[Rd] as.name and namespaces
William Dunlap
wdunlap at tibco.com
Wed Apr 24 18:13:33 CEST 2013
Hi Pat,
You could use substitute(),
> mycall <- quote(list(lm(Y ~ x1), lm(Y ~ x2)))
> do.call("substitute", list(mycall, list(lm=quote(stats::lm))))
list(stats::lm(Y ~ x1), stats::lm(Y ~ x2))
The do.call is necessary because substitute() does not evaluate
its first argument and we want 'mycall' evaluated to become
the call to list(...) before substitute works on it.
substitute replaces all instances of a name in an expression.

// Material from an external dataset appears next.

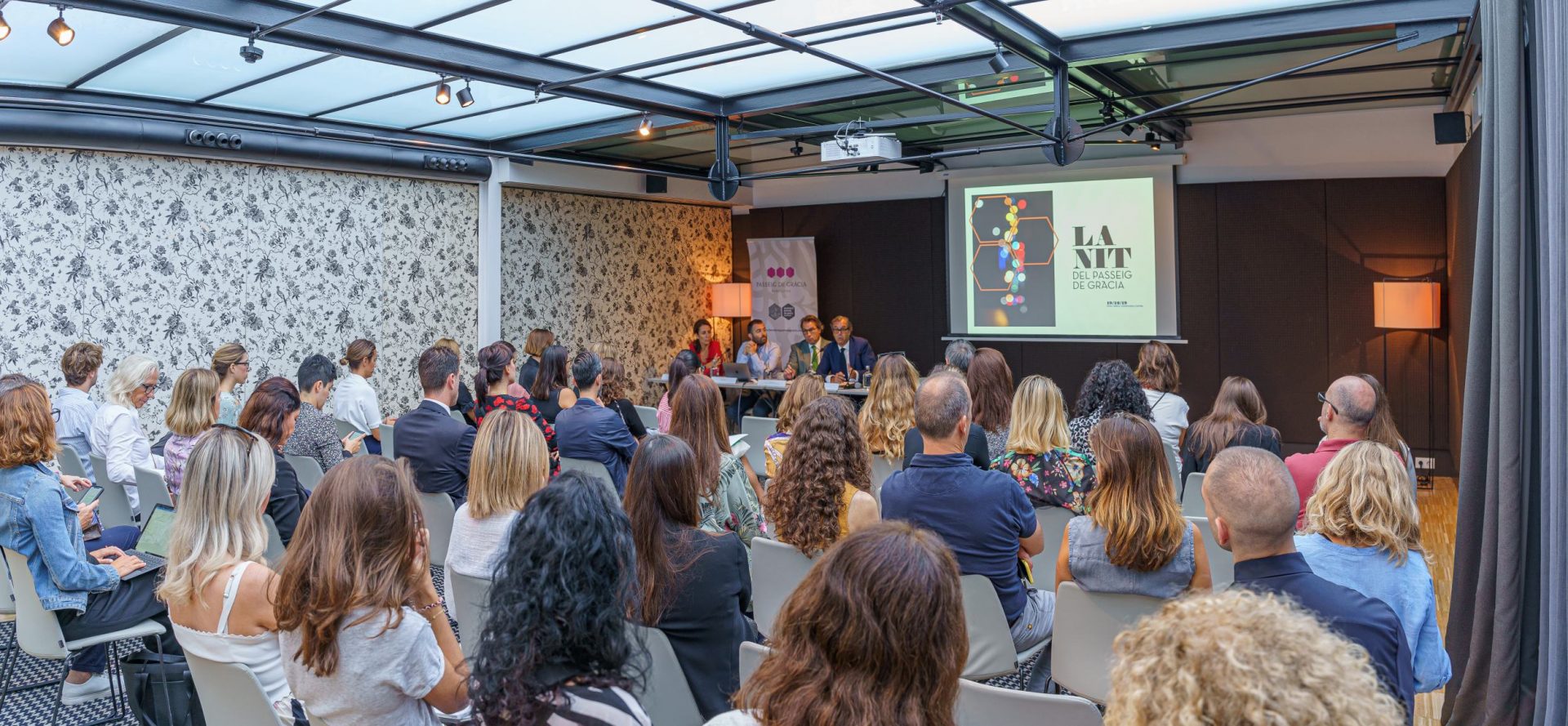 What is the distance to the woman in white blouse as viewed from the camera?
16.5 ft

bquote lets you be more selective (only names in .() get replaced):
> mycall2 <- quote(list(lm(Y ~ x1), .(lm)(Y ~ x2)))
> do.call("bquote", list(mycall2, list(lm=quote(stats::lm), list=quote(base::list))))
list(lm(Y ~ x1), stats::lm(Y ~ x2))
S+'s substitute() has an evaluate=FALSE/TRUE argument to control
whether its first argument is evaluated thus letting you avoid do.call():
S+> mycall <- quote(list(lm(Y ~ x1), lm(Y ~ x2)))
S+> substitute(mycall, list(lm=quote(stats::lm)), evaluate=TRUE)
list(stats::lm(Y ~ x1), stats::lm(Y ~ x2))
It is much harder if you want to find and replace expressions more general
than name, e.g., changing "stats::lm" to "lm" or "log(x+1)" to "logp1(x)" .
package::codetools and package::compiler might help. I have used rapply()
in S+ for this sort of thing but R's rapply() does not work on functions:
S+> f <- function(x, y) exp(log(x+1) + log(abs(y)+1) + log(z))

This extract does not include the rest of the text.